Data section »
*-*-*
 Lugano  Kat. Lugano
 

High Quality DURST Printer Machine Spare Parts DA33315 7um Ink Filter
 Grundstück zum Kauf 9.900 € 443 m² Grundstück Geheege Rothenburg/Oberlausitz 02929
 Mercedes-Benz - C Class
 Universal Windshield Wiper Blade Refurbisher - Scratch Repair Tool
*-*-*
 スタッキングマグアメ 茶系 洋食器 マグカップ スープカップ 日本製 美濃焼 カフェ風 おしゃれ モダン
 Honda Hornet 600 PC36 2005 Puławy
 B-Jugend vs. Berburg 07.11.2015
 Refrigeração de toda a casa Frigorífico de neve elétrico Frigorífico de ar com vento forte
*-*-*
Task »
Give back exactly the lines above starting at the line where "スタッキングマグアメ 茶系 洋食器" appears and ending at the line where "Refrigeração de toda" appears, both included, with no other lines.

Written reply »
 スタッキングマグアメ 茶系 洋食器 マグカップ スープカップ 日本製 美濃焼 カフェ風 おしゃれ モダン
 Honda Hornet 600 PC36 2005 Puławy
 B-Jugend vs. Berburg 07.11.2015
 Refrigeração de toda a casa Frigorífico de neve elétrico Frigorífico de ar com vento forte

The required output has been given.